From 1965 until he retired in 1980, Mr. Durant played a key role in building the Air and Space Museum’s space and rocketry collections and its space-art collections.

Before joining the Smithsonian, Mr. Durant was an engineer with E.I. DuPont de Nemours & Co., a World War II Navy flight instructor and test pilot, a rocket engineer with Bell Aircraft, engineering director at the Naval Rocket Test Station in Dover, N.J., and an aerospace specialist at the management consulting firm Arthur D. Little Inc. in Cambridge, Mass. In the mid 1950s, he helped organize the short-lived Project Orbiter, a joint Army-Navy satellite project headed by aerospace engineer Wernher von Braun.

Frederick Clark Durant III was born in Ardmore, Pa., on Dec. 31, 1916. He graduated from Lehigh University in 1939. In the 1950s he was president of the American Rocket Society, now known as the American Institute of Aeronautics and Astronautics.

On retiring from the Smithsonian, Mr.
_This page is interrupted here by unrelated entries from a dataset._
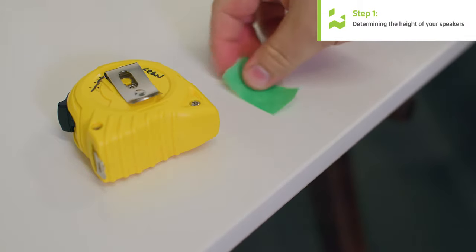The first thing we're going to do is determine our speaker's height. This is important because speakers disperse pretty well horizontally, but not that well vertically. So getting your speakers lined up with your ears is going to ensure that your speaker doesn't sound muffled or rolled off. I'm going to grab a piece of tape and a tape measure, and we're going to use these tools to determine our speaker's height.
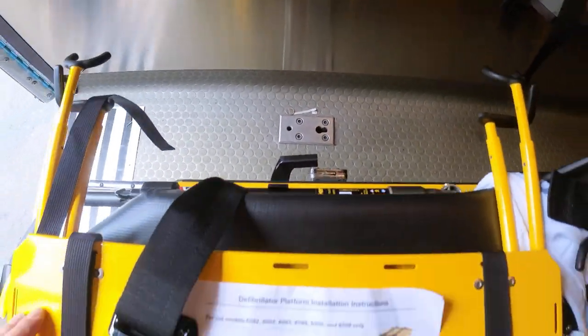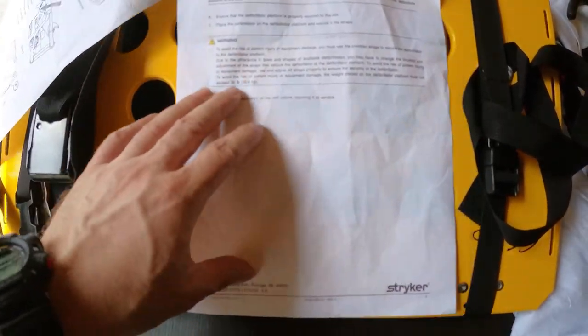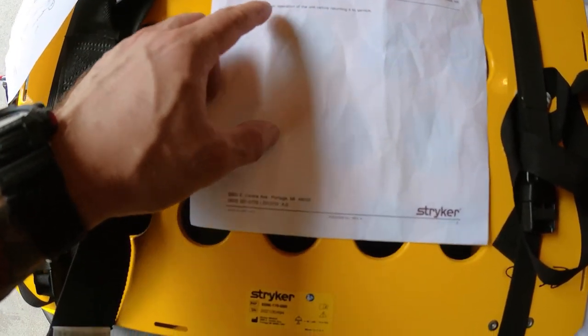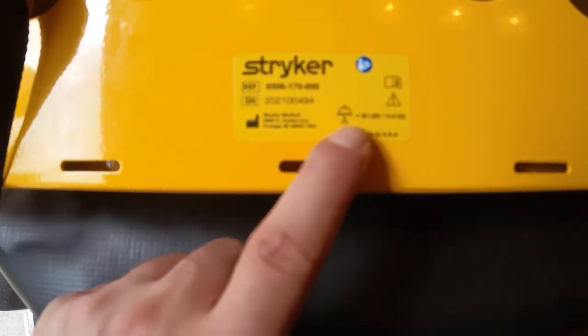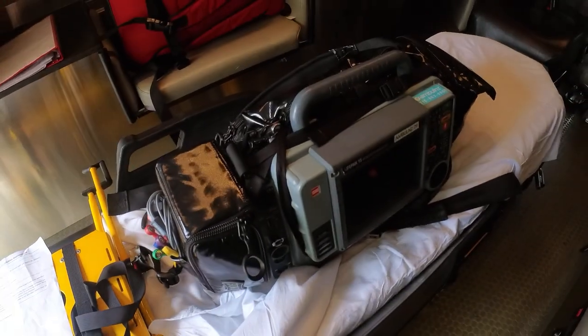One other important feature you definitely need to take into account: this device is rated for 30 pounds or 13.6 kilograms. If you ever lose these instructions, you can look at the actual device — you can see the Stryker label right here and it tells you 30 pounds and 13.6 kilograms. That's the max loadout on this device.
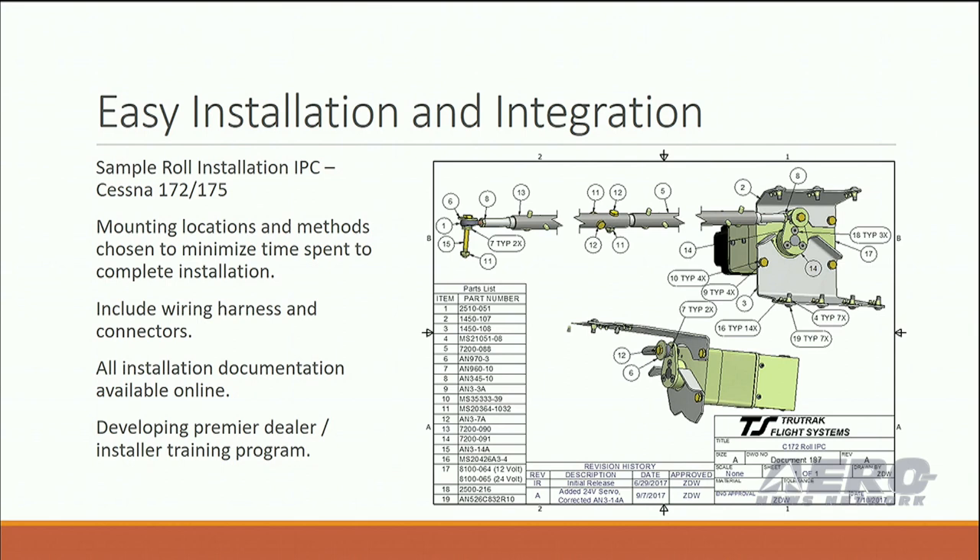One of the things we really focused on in this autopilot is the installation and how to make a quick installation. We chose mounting locations and methods that tried to simplify that to give the installers the ability to roll these through as quickly as possible, while maintaining a good, safe installation. The wiring harness, connectors, mounting brackets, and all that sort of good stuff is included, so you don't have to manufacture any of that.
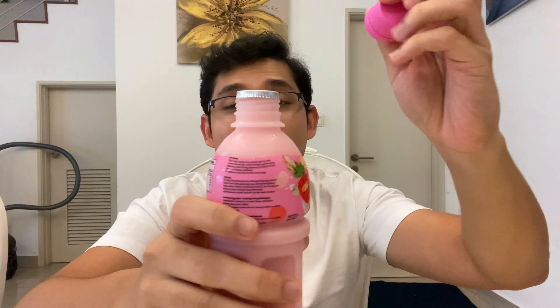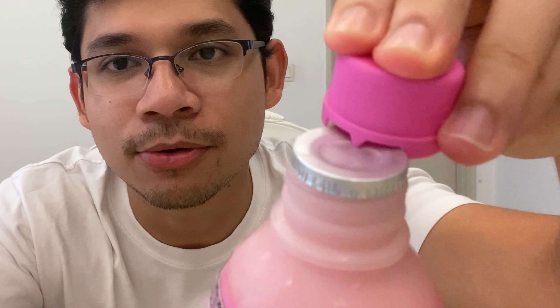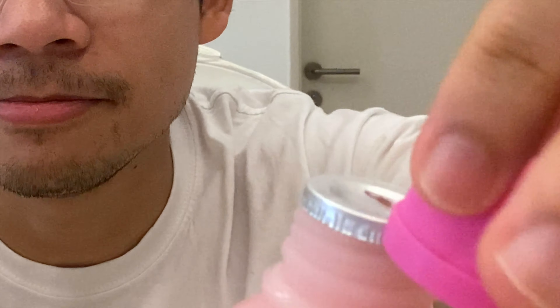Let's open it up — give it a shake first. Opening it is very easy. You use this teeth mechanism, which is quite cool — you just poke it and then turn it around like a can opener.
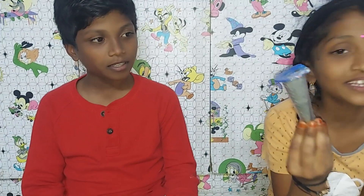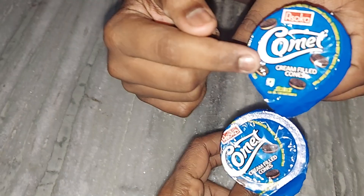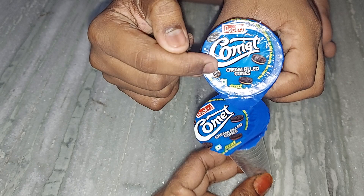Hi guys, welcome to my Alstoker's channel. This is Sloka. This is Ved. Today we have come with a new product and this is like an ice cream cone but it's not an ice cream. It's cream filled cones.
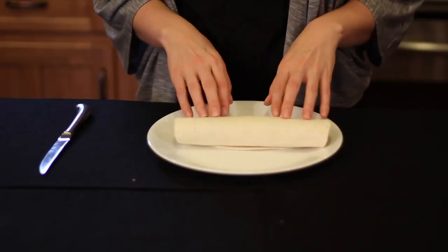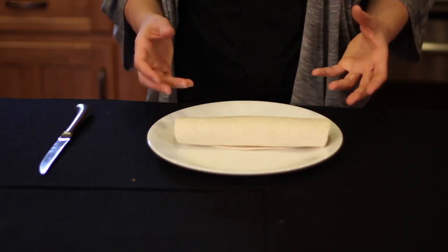Once you've finished wrapping the banana in the tortilla shell, we're then going to cut six slices to make the pinwheels.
Durant was a consultant and historian with Intelsat. For several years, he was author of the “Rockets and Guided Missiles” and the “Space Exploration” entries in the Encyclopedia Britannica, his family said.
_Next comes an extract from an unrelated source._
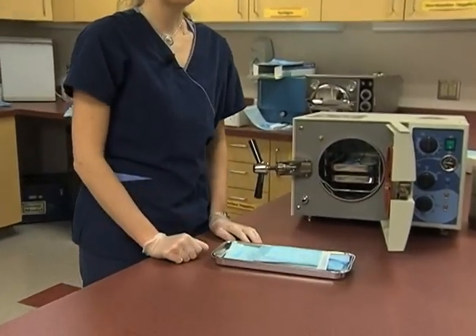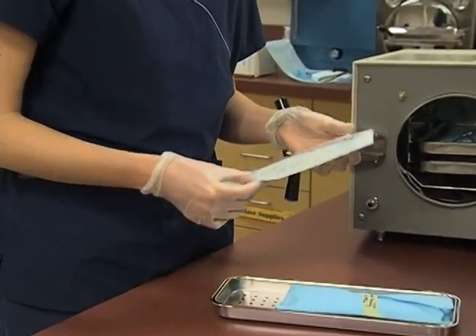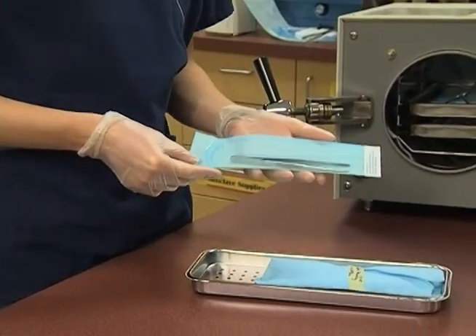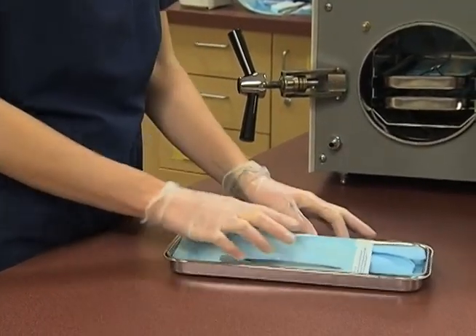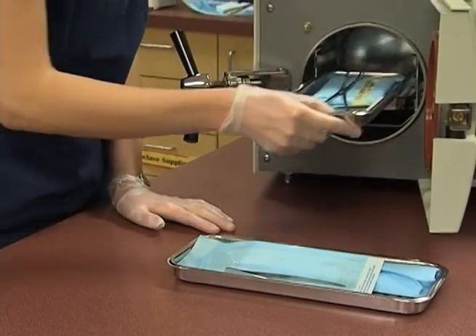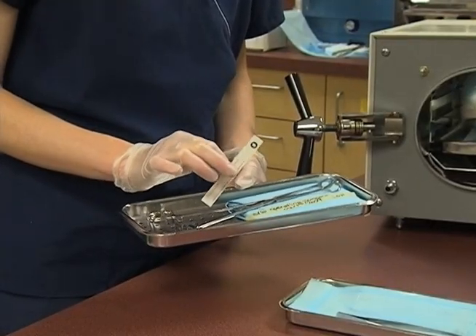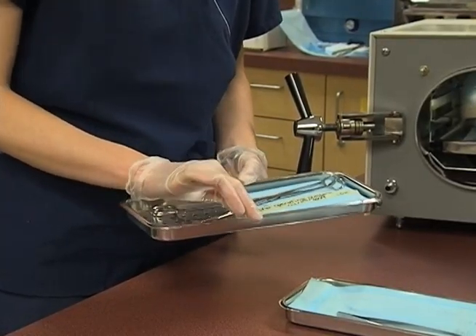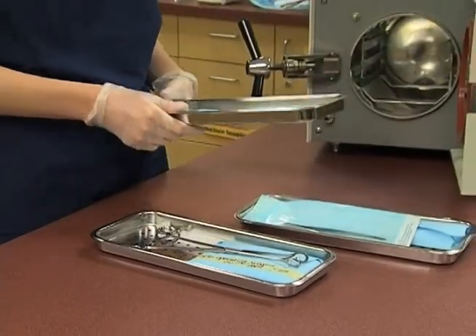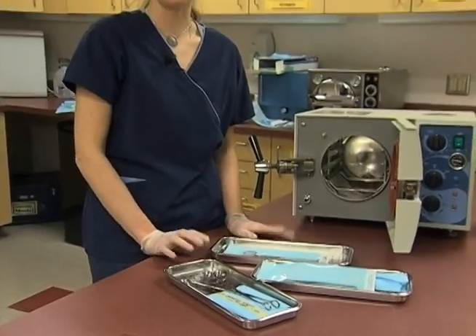Before we put items away, we want to make sure that everything was done properly. We'll be looking to see that the arrows have changed color and that items have been properly autoclaved. Our tape will have changed color on our wrapped items, and our indicator will also have changed color to confirm full sterilization. Then we know that all these items have been sterilized properly and can be put away in the clean drawers where they're kept until used for a procedure.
His first wife, Celeste Bennett, died in 1945. His second wife, Carolyn Jones, whom he married in 1947, died in 1997. She was the mother of his children. Two sons preceded him in death: Derek Durant in 1951 and William Durant in 1994. Survivors include two children, Carolyn Gable of Mount Dora, Fla., and Stephen Durant of Wilmington, N.C.; six grandchildren; and six great-grandchildren.

Richard Eighme Ahlborn

Richard E. Ahlborn of Bethesda, Maryland, died on Oct. 29. He retired from the Smithsonian’s National Museum of American History in 2002 as Curator Emeritus, Department of Cultural History, where he had served since 1964. Prior to joining the Smithsonian, Mr. Ahlborn was curator at the Joslyn Art Museum on Omaha, Nebraska.
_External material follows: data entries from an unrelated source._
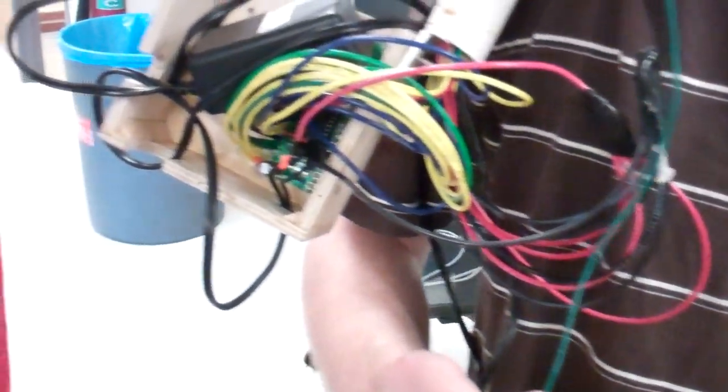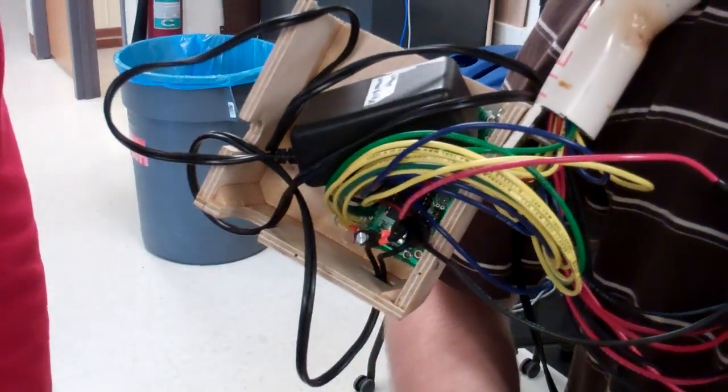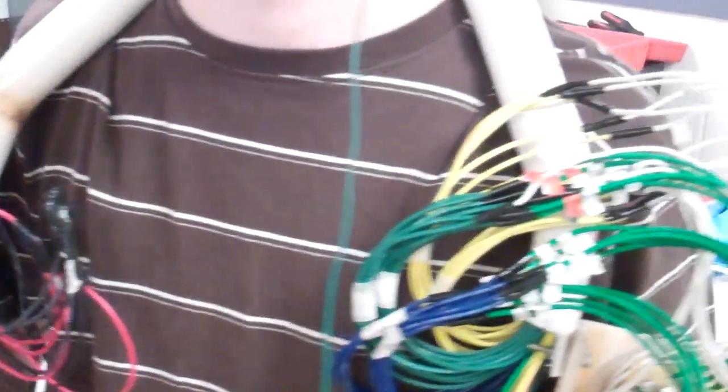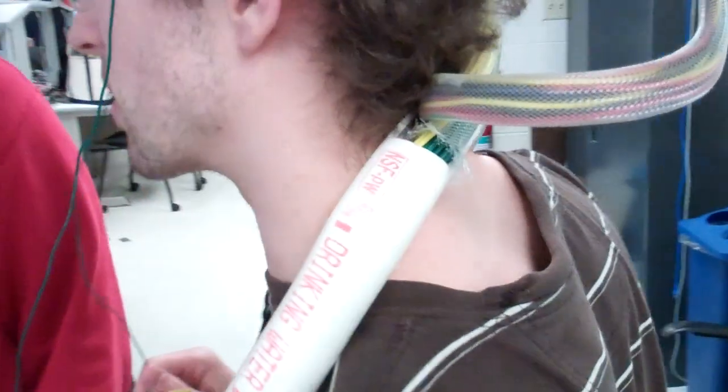And what's on the other side is power, a microcontroller. All the wires are routed through the actual PVC, so there's actually no real exposed wires. Everything is routed through, and then through the back there is the controller.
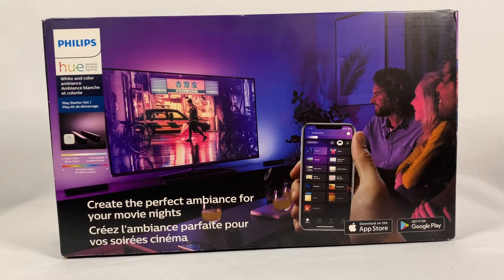I have other lights that are very similar to this scattered throughout the house — I like them as up lights, they do a really good job with that as well. So let's go ahead and open the box, see what comes in the starter set, and we'll go from there.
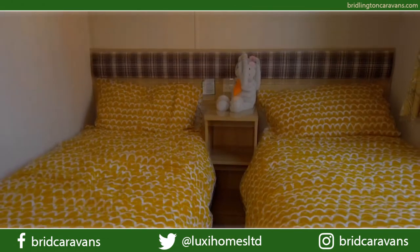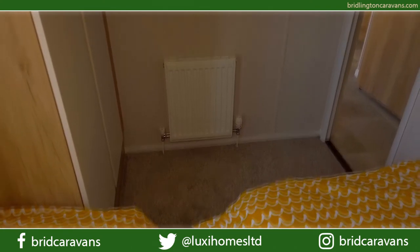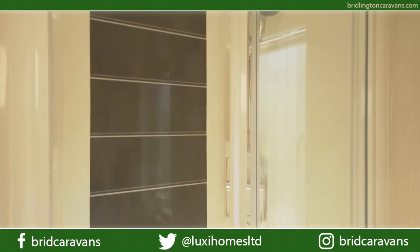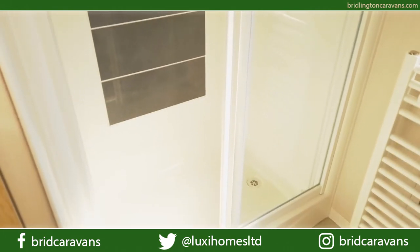Here's an example of one of the twin bedrooms in the Biarritz Lodge. Of course the whole room is centrally heated — as you can see there's a radiator in here. There's also a heated towel rail in the main bathroom. As you can see, that feature shower is nice and spacious.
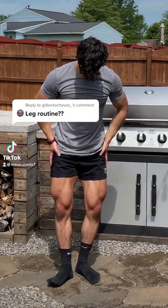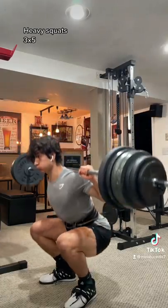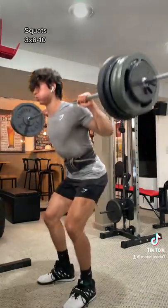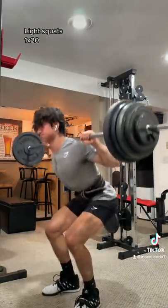Here's my full leg routine to help me add size to my legs. I start off with three sets of five heavy barbell squats, then I drop the weight and do three more sets of eight to ten, and then I do one final set of twenty.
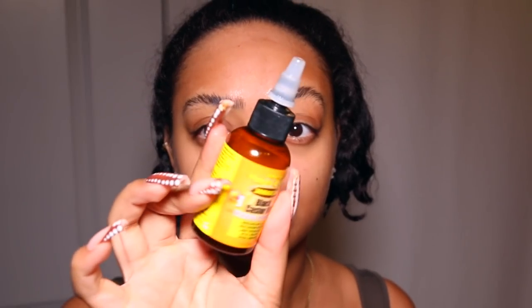This whole routine just makes me feel so good. It's self-care at the end of the day — you're taking care of yourself and your appearance. I strongly believe when you look good, you feel good, and when you feel good, you do good. So I try to look good as often as possible because I always want to feel good and do good.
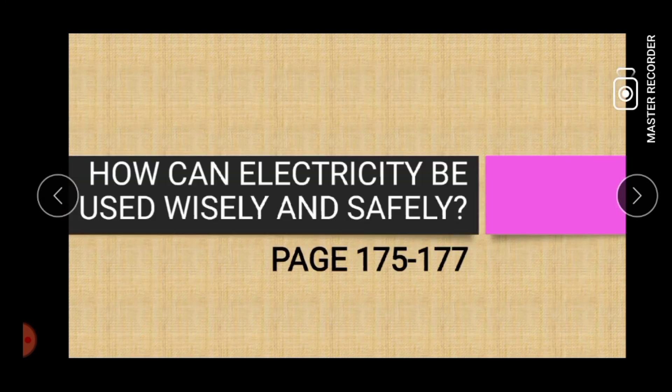Thank you for watching. I hope that you learned something about electricity and how we can use it wisely and safely.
Over the course of his career Mr. Ahlborn enthusiastically mentored interns, conducted research, produced exhibits on a number of subjects, and wrote more than 50 books and monographs on his research specialty, Spanish American history and arts. Among the notable exhibitions Ahlborn worked on for the American History Museum was “American Encounters” which told the stories of the communities that make up the state of New Mexico.

Born in Kansas to George and Dorothy Ahlborn in 1933, he was educated at the University of Colorado, where he earned a bachelor’s degree in studio and art history with honors and was a member of Phi Beta Kappa. Ahlborn was awarded a Henri DuPont Winterthur Museum Fellowship at the University of Delaware, where he earned a master’s degree in American studies. He was a Fulbright Scholar in the Philippine Islands where he studied the region’s many Spanish colonial churches. He also received a graduate grant to study under Prof. George Kubler at Yale University.

Mr. Ahlborn is survived by his partner, Marla Bush, of Bethesda. He will be buried in Smith County, Kansas, where his parents and a brother, George Ahlborn, who preceded him in death, are interred.